Das glaube ich nicht. Die Regionalliga wird von den überregionalen Medien aktuell stiefmütterlich behandelt. Essen wird vielleicht ein wenig mehr betrachtet, weil der Verein so groß ist. Stünde Meppen im Viertelfinale, wäre das sicherlich aber genauso.

Wieso gingen sie nach sieben Jahren von Drittligist Meppen zu Viertligist Essen?
Die Vorgeschichte war, dass ich in Meppen früh Gewissheit haben wollte, ob wir verlängern oder nicht. Ich habe immer mit offenen Karten gespielt und gesagt, dass ich mich sonst anderweitig umschaue. In der Corona-Phase gab es dann Kontakt zu RWE. Daraus hat sich eine Fantasie entwickelt, an die ich erst nicht geglaubt habe: Ob ich nicht nur in Meppen, sondern auch bei einem Traditionsverein wie Essen Erfolg haben kann.

Und wenn wir es hier mit dem Aufstieg schaffen, habe ich logischerweise auch mehr Möglichkeiten als in Meppen.
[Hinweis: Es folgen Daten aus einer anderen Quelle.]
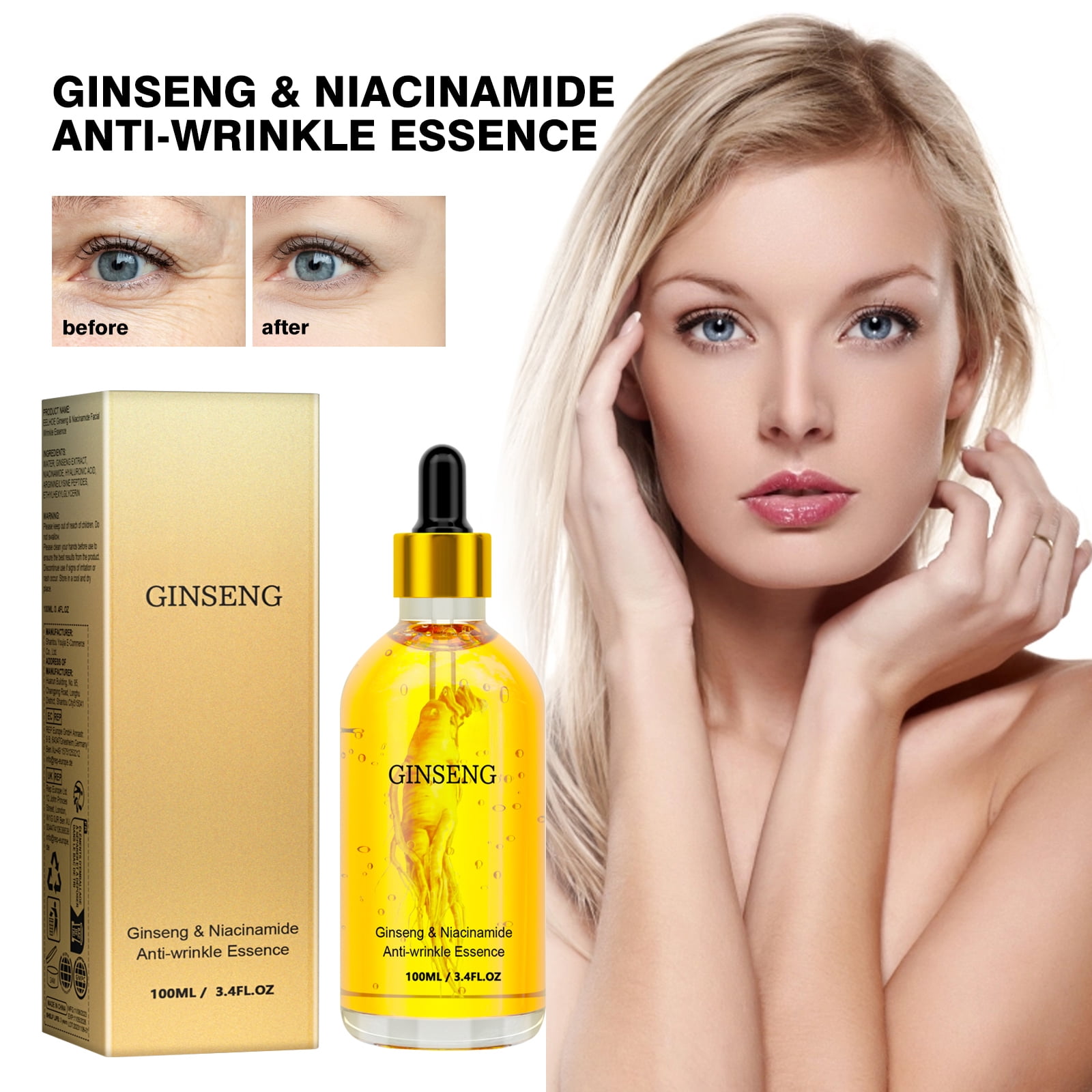 Alvantor Face Serum with Ginseng & Niacinamide Anti-Wrinkle Moisturizing Essence 3.4fl.oz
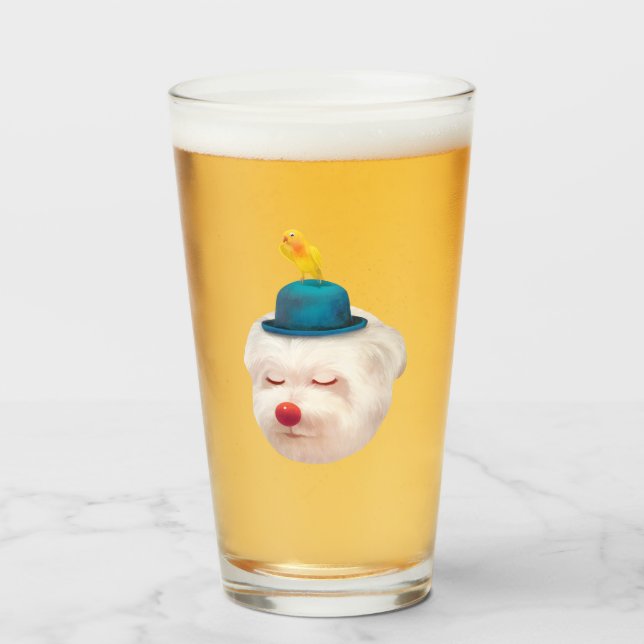 Dreamy Clown Dog: Smiling Bichon with Blue Hat Glass (Front Filled)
Das ist ein großer Unterscheid. Ich hatte den Mut, einen Schritt zurückzugehen und weiß: Wenn wir es schaffen, geht es auch wieder zwei Schritte nach vorne. Das war für mich als Trainer wichtig. In Meppen waren wir ja keinesfalls erfolglos, da waren wir nahe an der 2. Liga. Aber die Frage ist, ob man das jedes Jahr so wiederholen kann oder man irgendwann an die Grenze kommt.

Klingt nach einer romantischen Geschichte zwischen Ihnen und RWE. Trainer bleiben in der Regel ja nicht lange in Essen.
Damit habe ich mich auch beschäftigt. Nach unserem ersten Spiel gegen Wiedenbrück - da gab es in der 93. Minute den Ausgleich zum 1:1 - schrien die ersten Fans schon "Die gleiche Scheiße wie jedes Jahr". Was da auf mich zukommt, wenn es nicht läuft, wusste ich aber. Jetzt haben wir uns aber über Monate Vertrauen erarbeitet, obwohl wir gar nicht greifbar sind. Die Fans sehen uns ja nur am Bildschirm und nicht einmal ein Training. Im Grunde erfahren sie alles nur aus der Zeitung. Das nervt natürlich.

Und wenn Sie nun am Mittwochabend ins Halbfinale einziehen?
Dann rasten wir mit der Mannschaft total aus.